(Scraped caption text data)
——————————

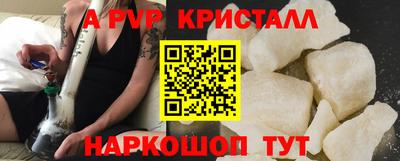 каннабис Новодвинск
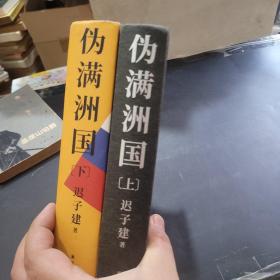 伪满洲国（茅盾文学奖作家迟子建重现伪满洲国历史的扛鼎之作）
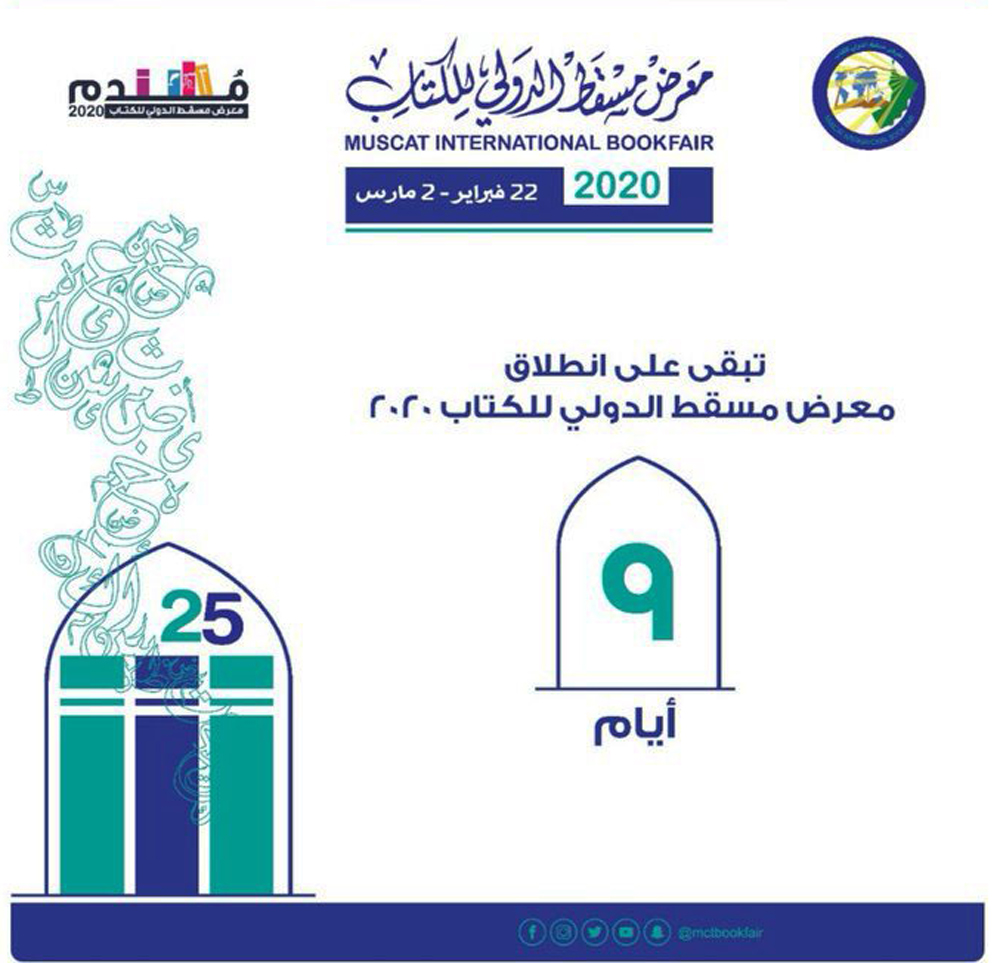 تقديم إصدارات عمانية في مجالات عديدة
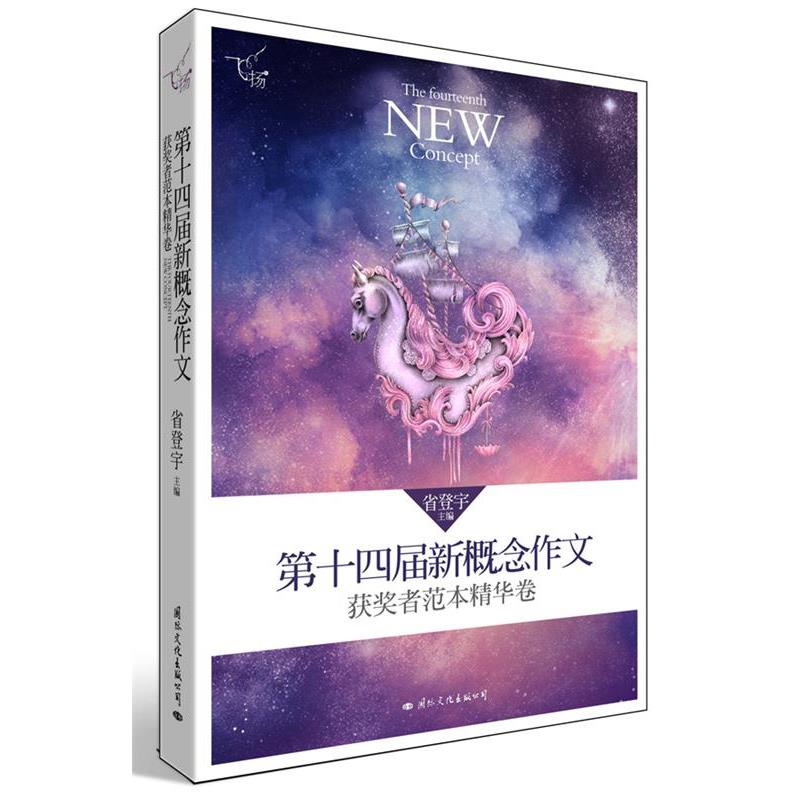 【正版书籍】 飞扬:第十四届新概念作文获奖者范本精华卷 省登宇 主编 国际文化出版公司
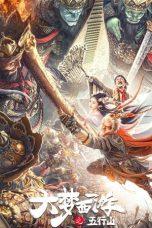 Nonton Film Journey To The West: The Five Elements Mountains (2022) Sub Indo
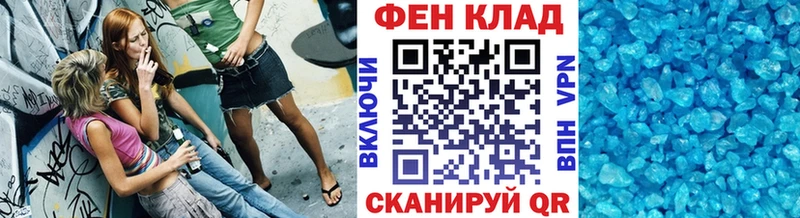 Первитин витя  Купить закладки  Шадринск 
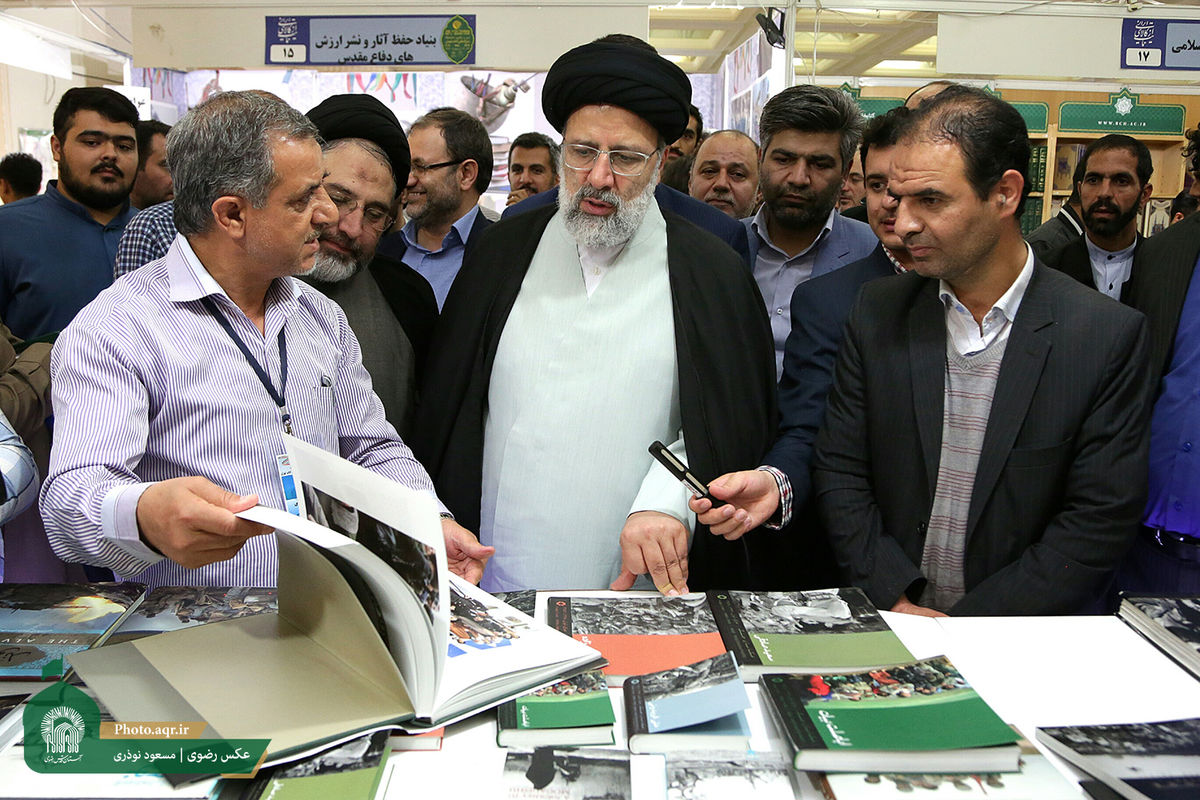 بازدید تولیت آستان قدس رضوی از سی و یکمین نمایشگاه بین المللی کتاب تهران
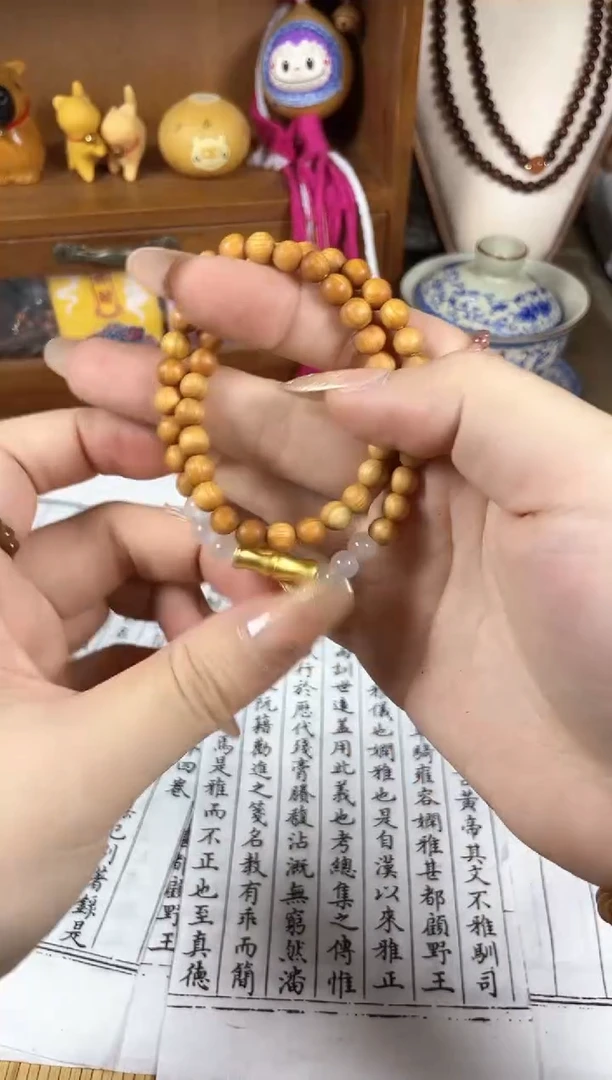非洲檀香手串/手链菩提木质玉石手串/多发性其一/不带盒子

——————————

[Action item] Please write out all the data again word for word, but not the pictures.

[Task answer]
 каннабис Новодвинск
 伪满洲国（茅盾文学奖作家迟子建重现伪满洲国历史的扛鼎之作）
 تقديم إصدارات عمانية في مجالات عديدة
 【正版书籍】 飞扬:第十四届新概念作文获奖者范本精华卷 省登宇 主编 国际文化出版公司
 Nonton Film Journey To The West: The Five Elements Mountains (2022) Sub Indo
 Первитин витя  Купить закладки  Шадринск 
 بازدید تولیت آستان قدس رضوی از سی و یکمین نمایشگاه بین المللی کتاب تهران
非洲檀香手串/手链菩提木质玉石手串/多发性其一/不带盒子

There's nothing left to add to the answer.